Vietnam Economy: Impressive Growth, Inflation Under Control

Durian, a million-dollar export item. (Photo: VOV)

Dr. Nguyen Duc Do, Deputy Director of the Institute of Economics and Finance, forecasts that the CPI in the second half of 2025 may increase by an average of 0.27% per month, bringing the whole year of 2025 to around 3.4%. In case of a sharp global economic recession, inflation in 2025 may only be around 3%. However, he emphasized that the USD/VND exchange rate is an unpredictable variable. Although the USD tends to weaken in the international market, the USD/VND exchange rate still increases due to the slowdown in Vietnam's exports, the difference in USD-VND interest rates and the pressure of trade deficit. With the target of 16% credit growth and maintaining low interest rates to support 8% GDP growth in 2025, money supply may increase rapidly, creating pressure on domestic prices.

On the other hand, Vietnam’s export difficulties have led to a surplus of domestic goods, helping to curb price increases. “This paradox shows that growth difficulties have become a factor that helps reduce the risk of inflationary explosions,” Mr. Do analyzed.

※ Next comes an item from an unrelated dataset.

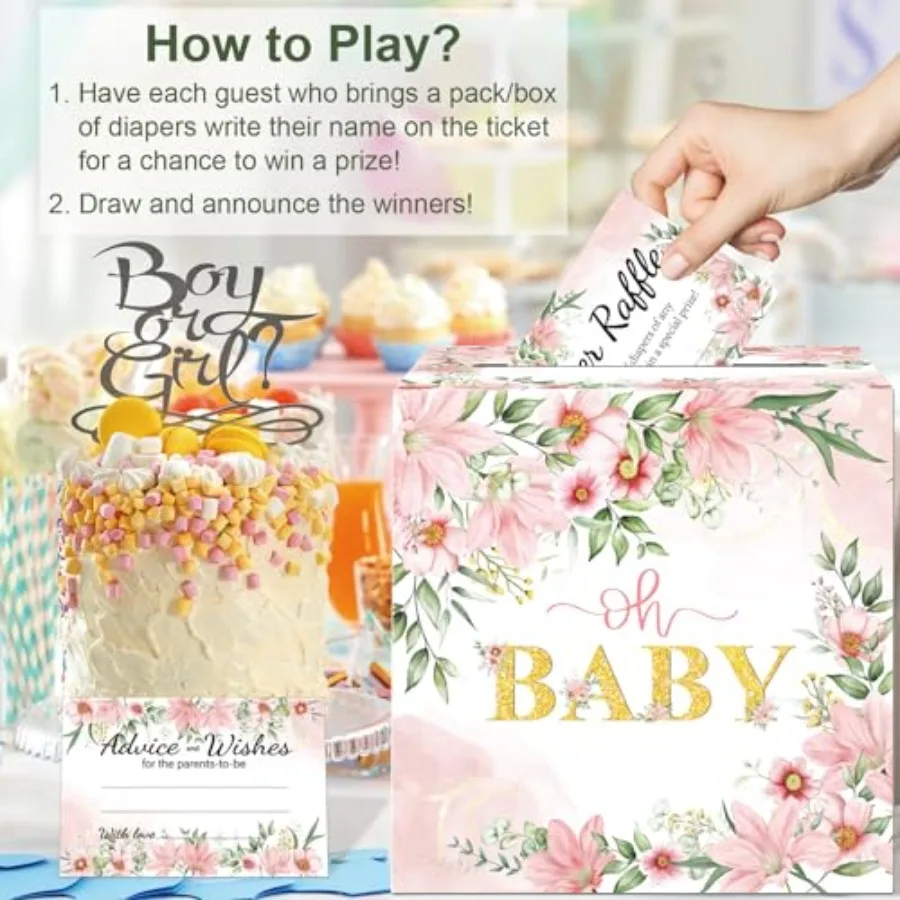 Baby Shower Games Floral Diaper Raffle Box for Baby Shower 50 PCS Diaper Raffle Tickets Card Box with Advice and Wishes for the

The representative of the Price Management Department (Ministry of Finance) also said that price management in the coming time needs to be flexible and closely coordinated between fiscal and monetary policies. In addition, the roadmap for adjusting public service prices according to market mechanisms must still be implemented but must be cautious, in line with CPI developments in 2025 to avoid creating price shocks.

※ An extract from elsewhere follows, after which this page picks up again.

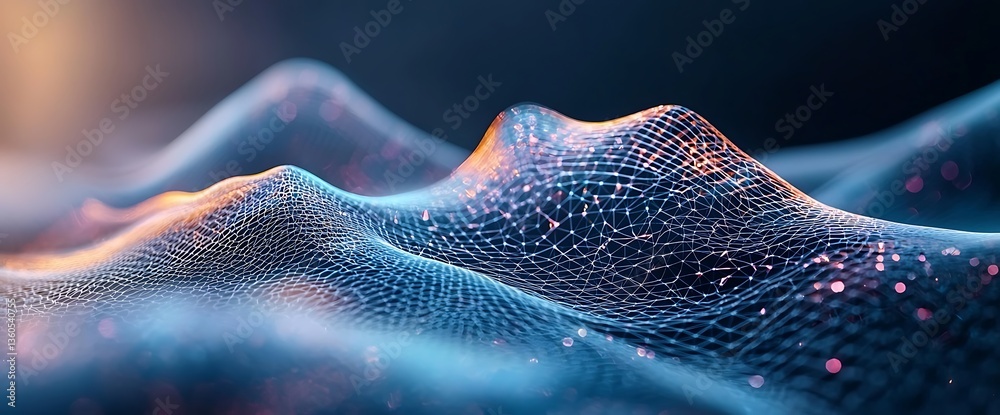 Poster Abstract data visualization, network, and wave patterns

Economist Associate Professor Dr. Ngo Tri Long forecasts that inflation in 2025 will fluctuate between 4 and 4.5%, which is still a safe level compared to the unstable global context. He suggested that the Government focus on stabilizing the USD/VND exchange rate and gasoline prices, tightly controlling production costs, and accelerating the disbursement of public investment. Information transparency and policy communication are also very important. When the economy maintains high GDP growth momentum in 2025 while inflation in 2025 is controlled, Vietnam will create a solid foundation to move to the next stage of development.